Most production of harvestable animals in the upwelling areas is tertiary, but that in the divergences of the equatorial region is in the fourth level, the larger tuna-like fishes feeding on a level of small fish and macrozooplankton. In the eastern tropical Pacific and in the Marquesas divergence the production at the fourth level, may be estimated as 95 and 30 tons C.104/yr, or 1.6 and 0.5 tons wet weight/yr.
The tuna stocks are oceanic and the larvae are distributed all over the ocean. Hence the stocks need not depend upon the divergences of the coastal upwellings or the equatorial system to sustain themselves and it would be difficult to disentangle the contribution from the upwelling areas. However, the low oceanic catches of tuna are explained. A very rough estimate of the total production of tuna-like fishes in the world ocean would not be greater than perhaps 3-5 M tons in the equatorial region.

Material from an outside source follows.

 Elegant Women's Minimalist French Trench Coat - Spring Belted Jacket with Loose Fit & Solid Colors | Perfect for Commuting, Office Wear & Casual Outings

Columns S1 and S2 of Table I give the wet weights of tertiary stocks in M tons/year. It will be seen that the major areas are those in the Peru and Benguela Currents (about 20-30 M tons). The medium areas are California, Chile and southwest Arabia (5-10 M tons). The rest are small ones (1-5 M tons). Gulland (1968) has suggested that the total annual deaths (equal to total annual production) of the anchoveta stock off Peru is 18-20 M tons. As there is now only one year-class in the stock (and most of our carbon and zooplankton observations were taken during the period of exploitation), the correspondence between Gulland's estimate and this one is quite good.
Taking all upwelling areas, the production of fish and squid may be as much as 120-130 M tons. If we suppose that one third to one half can be taken by fishing, then a potential catch of 40-60 M tons is available. As some of this catch (ca 15 M tons) is already being taken, perhaps we may guess that a further 25-50 M tons of fish and squid can be taken from the upwelling areas.